Il n'y a pas que ça. Depuis 2020, la réorganisation de l'inspection du travail a bouleversé notre fonctionnement. Auparavant, nous bénéficions d'une cellule dédiée aux agences de mannequins, facilement joignable. Dès qu'un cas de travail illégal était signalé, comme un photographe outrepassant ses fonctions en se comportant comme une agence de mannequins, nous pouvions alerter les trois personnes de ce bureau spécialisé. Depuis 2020, la situation est devenue extrêmement compliquée. Il est nécessaire d'identifier en amont le lieu suspecté de travail illégal et de passer par une personne qui, bien qu'elle n'ait plus le droit de le faire, continue par gentillesse. Elle informe alors son collègue qu'il faut contrôler une prestation ou un photographe dépassant ses fonctions.
Le problème réside dans la rapidité requise entre le moment où l'information est reçue et celui où la prestation a lieu, il faut agir très vite, parfois le soir ou le samedi. La direction régionale interdépartementale de l'économie, de l'emploi, du travail et des solidarités (Drieets) doit déléguer des contrôleurs motivés pour intervenir rapidement. Le travail illégal est omniprésent car il est facile de contourner les règles. Il existe quatre-vingt-douze agences de mannequins licenciées, dont certaines ont leur agrément, situées à Paris. Celles-ci sont faciles à contrôler.
Cependant, de nombreux intermédiaires illégaux émergent. Un jour, quelqu'un décide de devenir agent de mannequins, le lendemain agence mère, et le troisième jour directeur de casting, tout en dépassant ses attributions. Cette situation permet à des agences européennes de travailler en France sans respecter les règles. L'ouverture du droit européen devait être temporaire et occasionnelle, avec une demande d'autorisation préalable auprès d'un bureau de la Drieets. Par exemple, une agence de Barcelone devait déclarer à l'avance qu'elle venait tel jour pour telle marque avec tel mannequin. Le bureau pouvait alors effectuer des contrôles. Aujourd'hui, il n'y a plus personne pour traiter ces déclarations, et aucune agence étrangère ne se conforme à cette obligation.
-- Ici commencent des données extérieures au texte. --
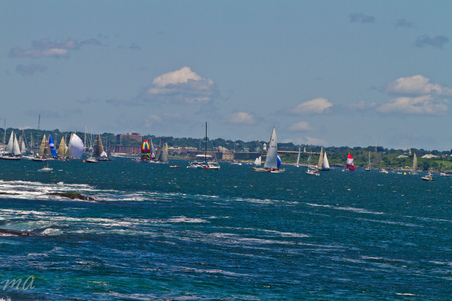 Enlarge photo 139
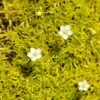 Scotch Moss (Sagina) 1 Scotch Moss (Sagina) -Garden Outfitters Store sagina subulata aurea 1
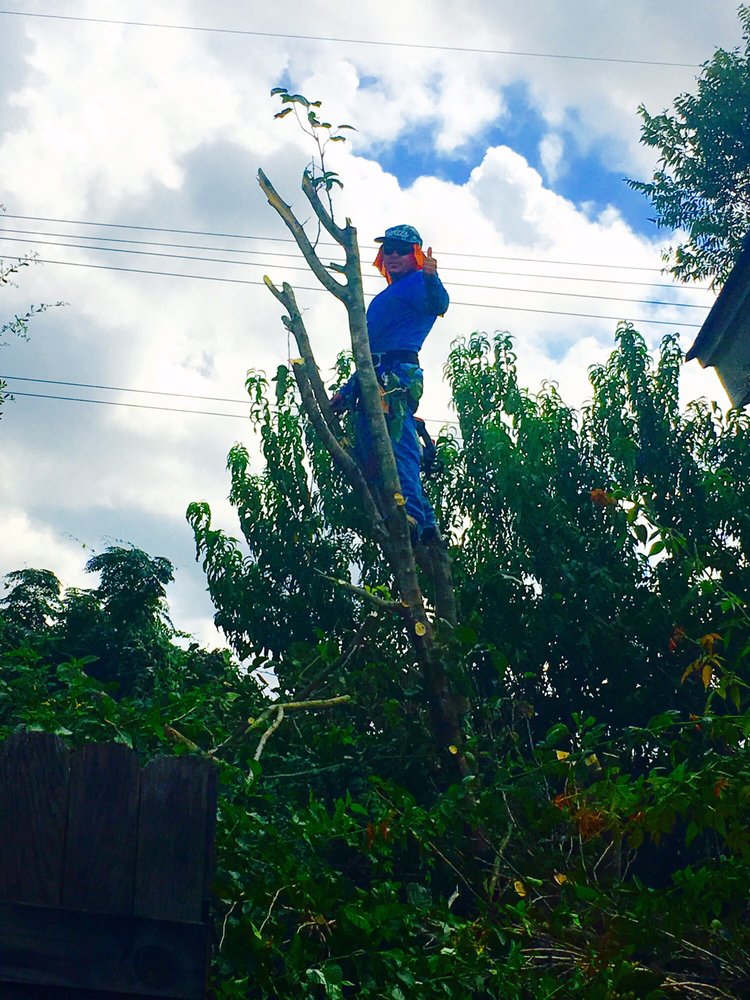 Arturo up in a mulberry tree, cutting it down section by section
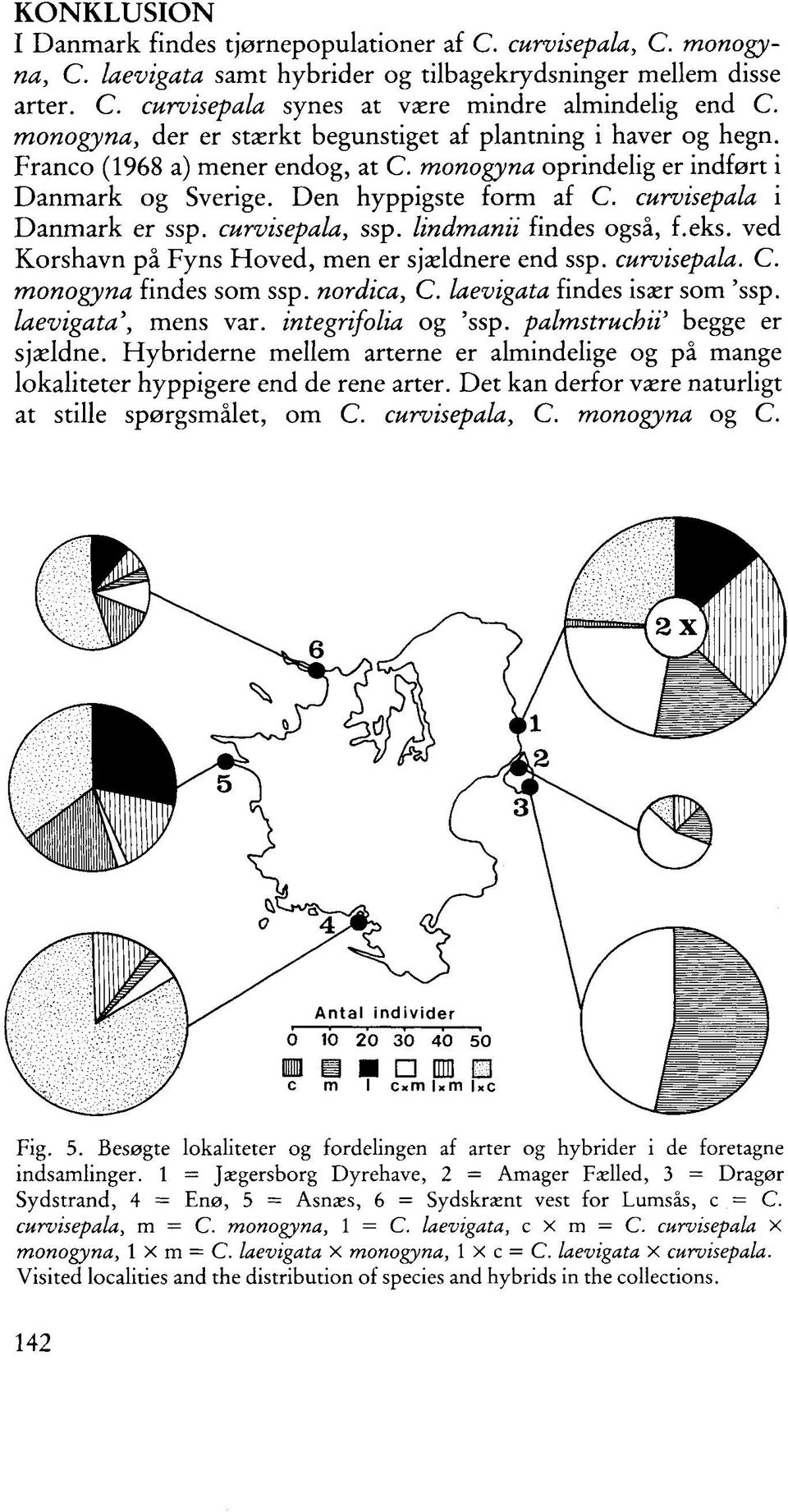 curvisepala i Danmark er ssp. curvisepala, ssp. lindmanii findes også, f.eks. ved Korshavn på Fyns Hoved, men er sjældnere end ssp. curvisepala. C. monogyna findes som ssp. nordica, C.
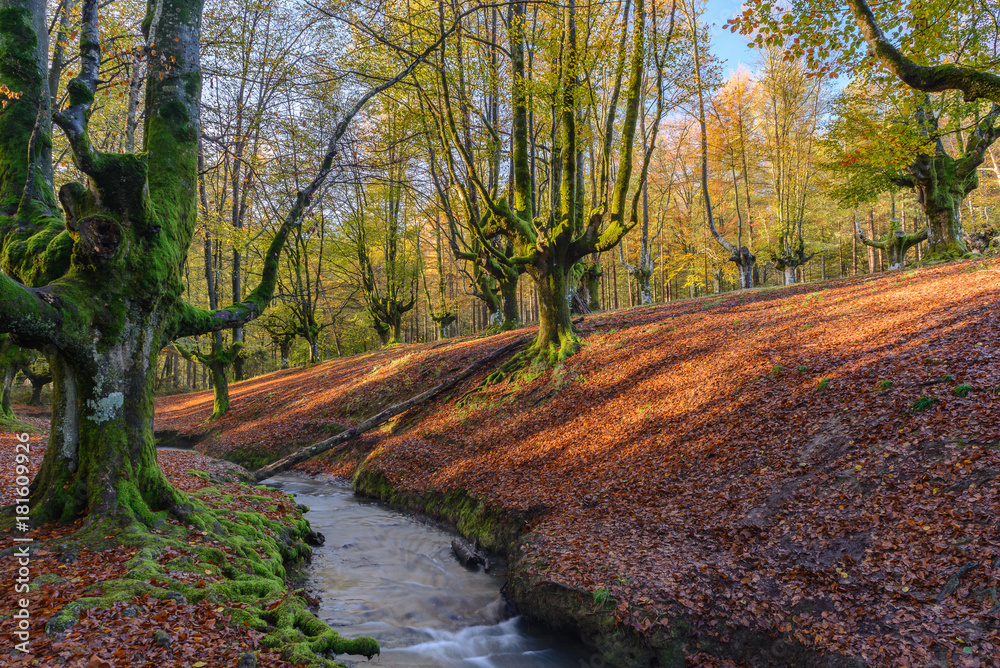 Fototapeta premium Otzarreta beech forest, Gorbea Natural Park, Vizcaya, Spain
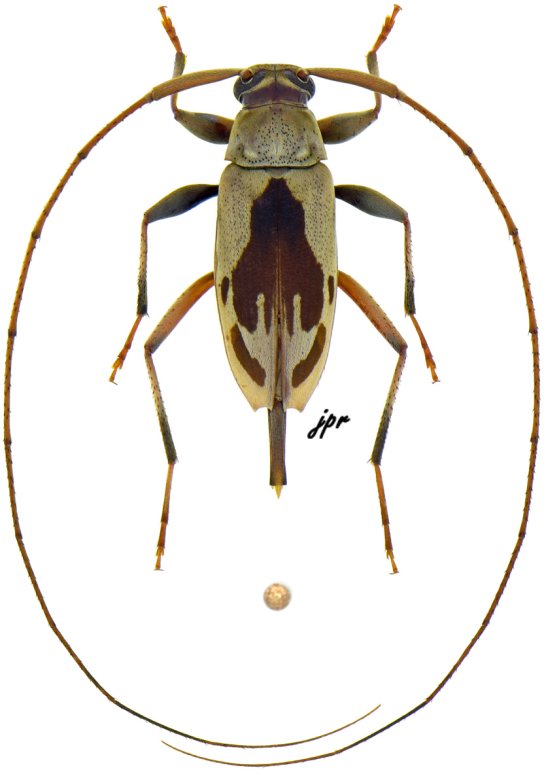 Paroecus celebensis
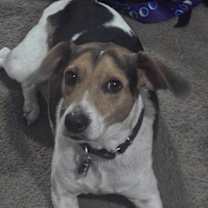 Thumbnail photo of Blue #4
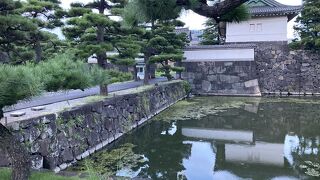 松とのマッチングがよい。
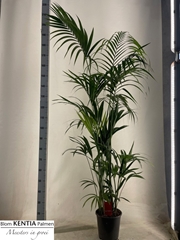 Howea Forsteriana 24Ø 200cm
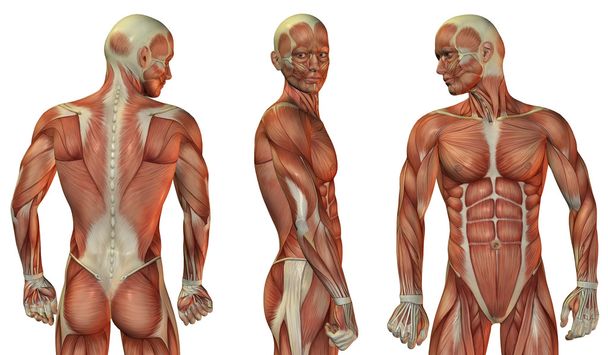 Testa muscolare e parte superiore del corpo
 - Foto, immagini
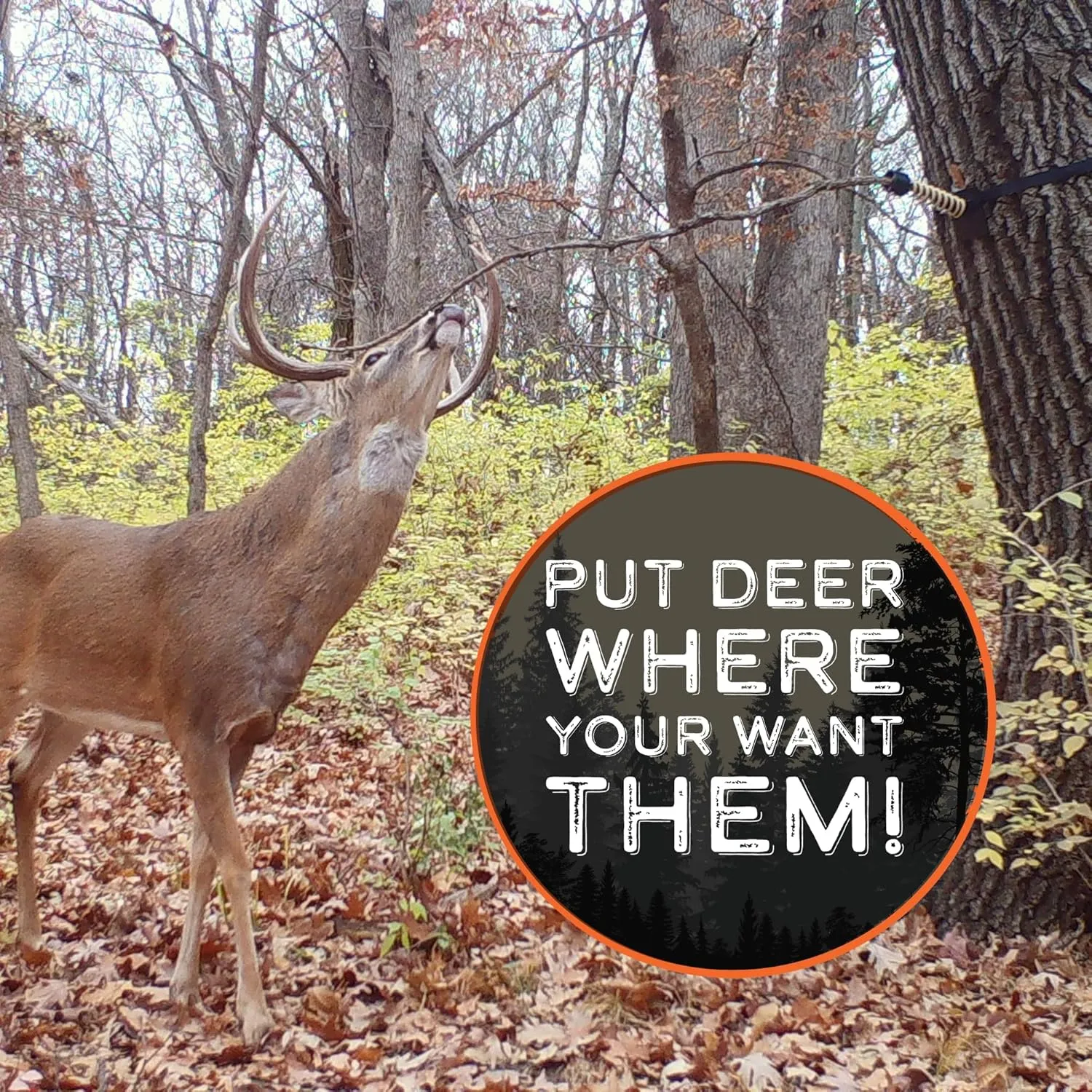 HODAG Licking Branch System to Create an Effective Mock Scrape | Deer Hunting Accessories | Deer Hunting Gear | Trail Camera Accessory | Bow Hunting Accessories | Deer Hunting Gifts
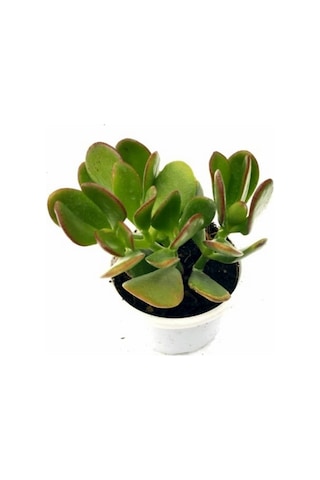 Para Ağacı Çiçeği Yeşim Bitkisi Crassula Ovata Fidanı 10-20 Cm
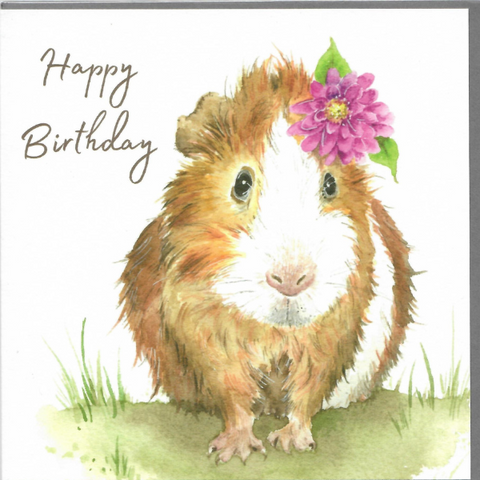 Love Country Guinea Pig Birthday Card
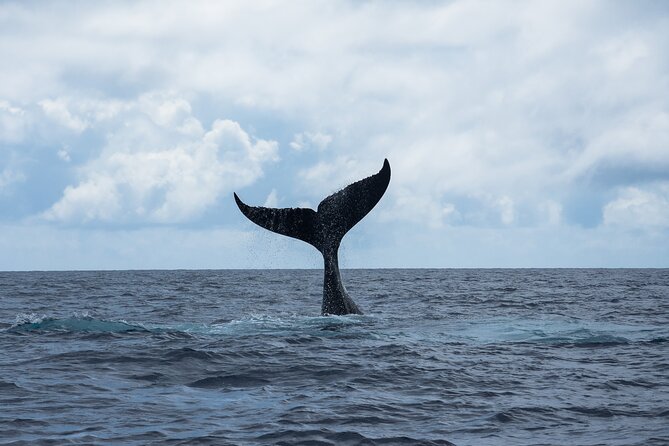 Snorkeling Lagoon Cruise and Whale Watching in Moorea - Setting out from Moorea’s Opunohu Bay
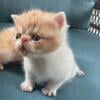 Persian shorthair kittens CFA  short hair Adorable red and white man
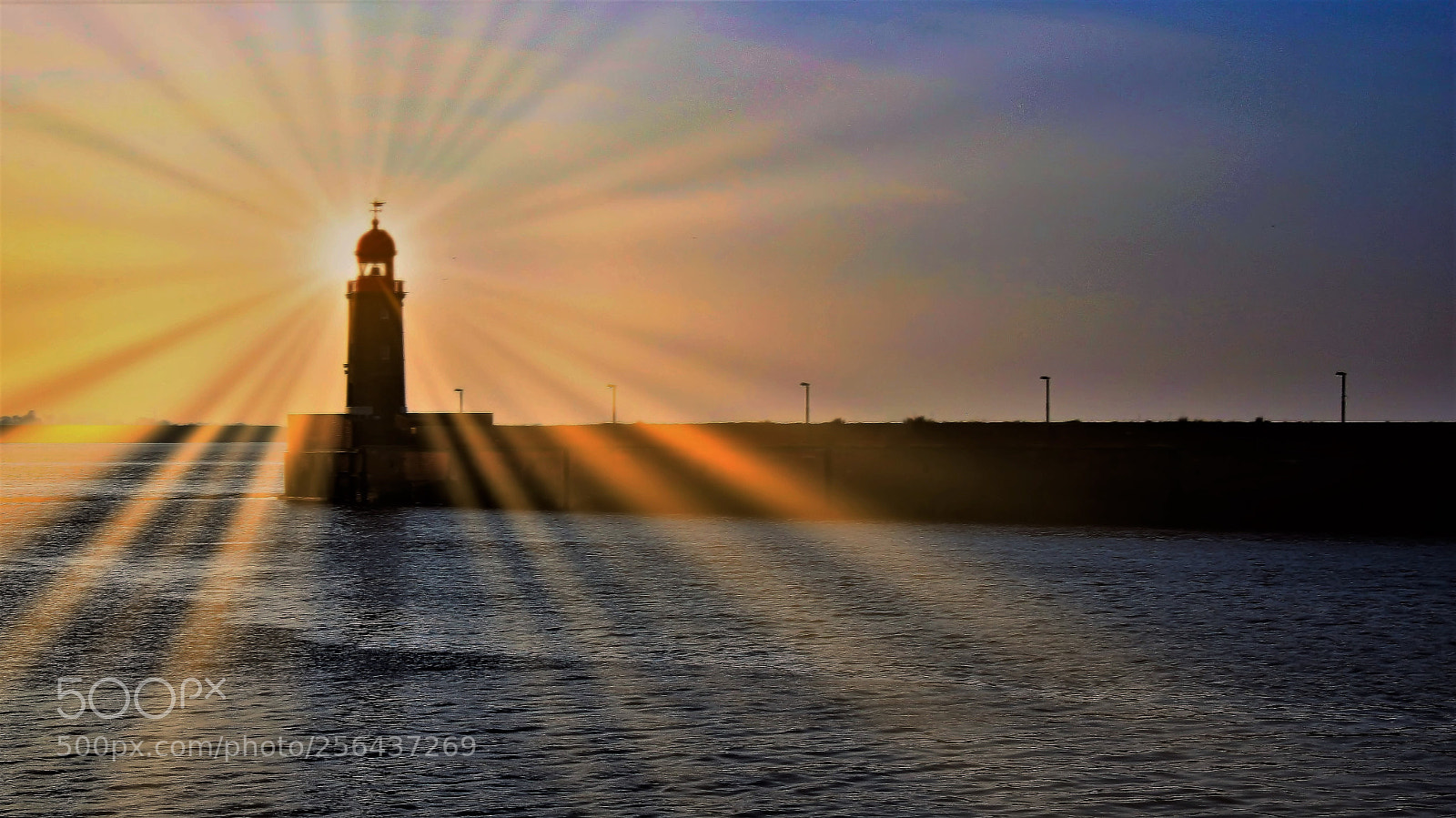Canon EOS 750D (EOS Rebel T6i / EOS Kiss X8i) sample photo. Dreamlike morning by the photography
Les pays frontaliers, notamment la Belgique et l'Espagne, agissent sans aucune gêne. Pour illustrer cela, il y a trois semaines, une agence française avait demandé un visa pour une mannequin ukrainienne, dont elle se sentait pleinement responsable. La mannequin ukrainienne se rend en Espagne, dans l'espace Schengen, où elle rencontre une agence de Barcelone. Une séance photo doit avoir lieu à Paris avec un photographe français pour la marque Zara. L'agence française découvre alors que sa mannequin ukrainienne va travailler à Paris sous l'égide de l'agence espagnole, elle n'est alors plus salariée. En réalité, toutes les exigences imposées à l'agence française disparaissent. Cette situation se produit également avec des enfants en Belgique. On traverse la frontière, et dans le nord de la France, avec des marques comme Quechua, Yves Rocher, etc., des enfants belges ou français, dont les parents souhaitent qu'ils travaillent du lundi au vendredi, passent par la Belgique pour travailler en France. Il n'y a plus aucune direction départementale.
Il y a quelques années, je pouvais téléphoner à Lille, à Béziers, ou ailleurs, pour signaler une prestation à venir. Aujourd'hui, personne ne répond. Il est donc impératif de recréer une cellule dédiée aux agences de mannequins à la Drieets de Paris, capable de servir d'intermédiaire entre les contrôleurs locaux correspondant à tel arrondissement ou telle ville. Sinon, nous, syndicats, ne pourrons pas nous en sortir.